Neural network software framework extends support for AI
Claimed to be the industry’s first software framework for embedded systems to automatically support networks generated by TensorFlow, Google’s software library for machine learning, CDNN2 (CEVA Deep Neural Network), has been released by the company.
The network enables localised, deep learning-based video analytics on camera devices in real-time. This is claimed to significantly reduce data bandwidth and storage compared to running such analytics in the cloud, while lowering latency and increasing privacy. Coupled with the CEVA-XM4 intelligent vision processor, it offers time-to-market and power advantages, says the company, for implementing machine learning in embedded systems for smartphones, advanced driver assistance systems (ADAS), surveillance equipment, drones, robots and other camera-enabled smart devices.
This second generation edition adds support for TensorFlow, as well as improved capabilities and performance for the latest network topologies and layers. It also supports fully convolutional networks, allowing any given network to work with any input resolution.
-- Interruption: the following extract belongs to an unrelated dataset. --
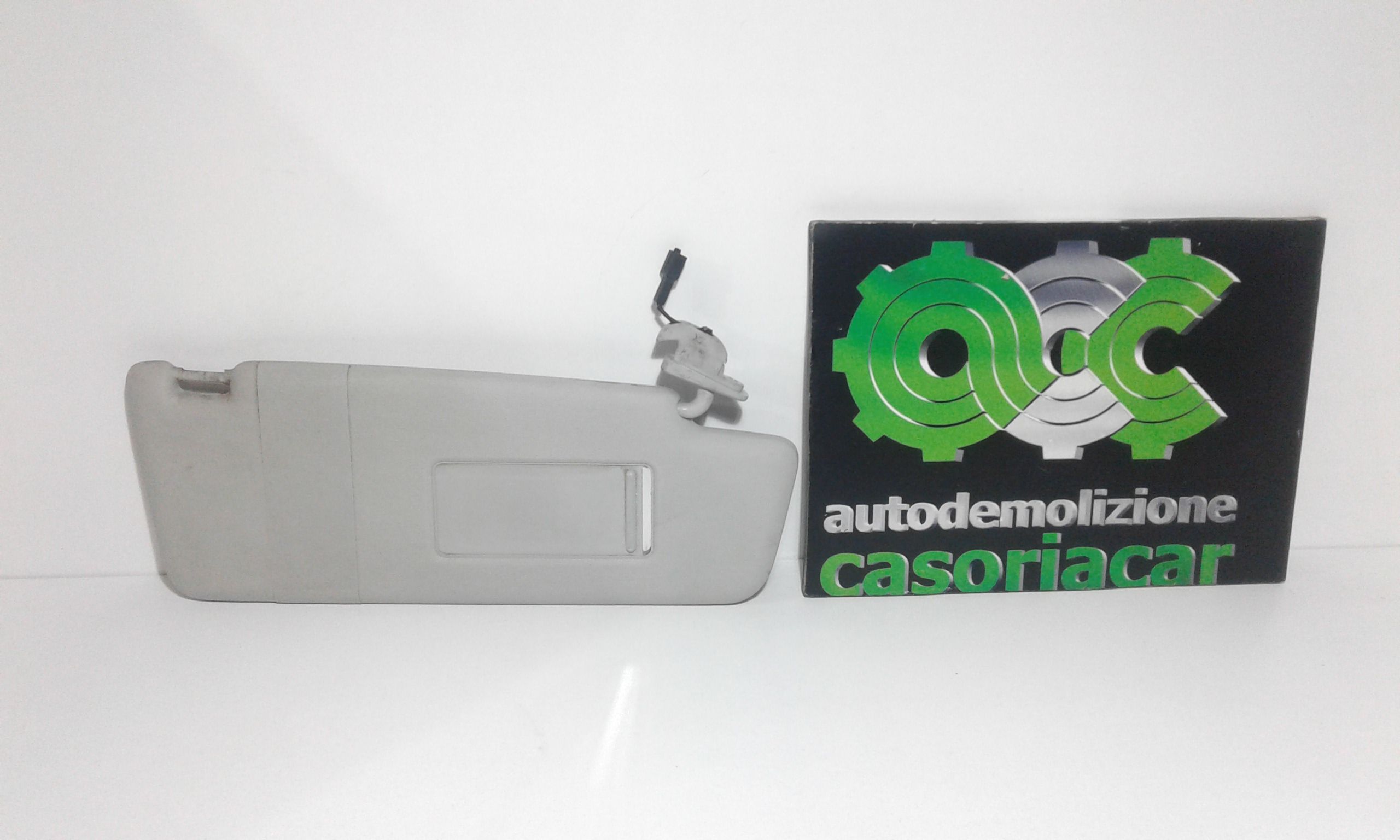 Aletta Parasole Parabrezza Destro 1T0857552F2F4 Usato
Using a set of enhanced APIs, CDNN2 is claimed to improve the overall system performance, including direct offload from the CPU to the CEVA-XM4 for neural network-related tasks. These enhancements, combined with the “push-button” capability that automatically converts pre-trained networks to run seamlessly on the CEVA-XM4, account for the time-to-market and power advantages for developing embedded vision systems. According to the company, this version generates an even faster network model for the CEVA-XM4 imaging and vision DSP, consuming significantly lower power and memory bandwidth compared to CPU- and GPU-based systems.
It is intended to be used for object recognition, advanced driver assistance systems (ADAS), artificial intelligence (AI), video analytics, augmented reality (AR), virtual reality (VR) and similar computer vision applications. The software library is supplied as source code, extending the CEVA-XM4’s existing Application Developer Kit (ADK) and computer vision library, CEVA-CV. It is flexible and modular, capable of supporting either complete CNN implementations or specific layers for a breadth of networks, such as Alexnet, GoogLeNet, ResidualNet (ResNet), SegNet, VGG (VGG-19, VGG-16, VGG_S) and Network-in-network (NIN). It supports the most advanced neural network layers including convolution, deconvolution, pooling, fully connected, softmax, concatenation and up-sample, as well as various inception models. All network topologies are supported, including MIMO (multiple input, multiple output), multiple layers per level, fully convolutional networks, in addition to linear networks (such as Alexnet).
The offline CEVA Network Generator converts a pre-trained neural network to an equivalent embedded-friendly network in fixed-point math at the push of a button. Deliverables include a hardware-based development kit which allows developers to not only run their network in simulation, and runs on the CEVA development board in real-time.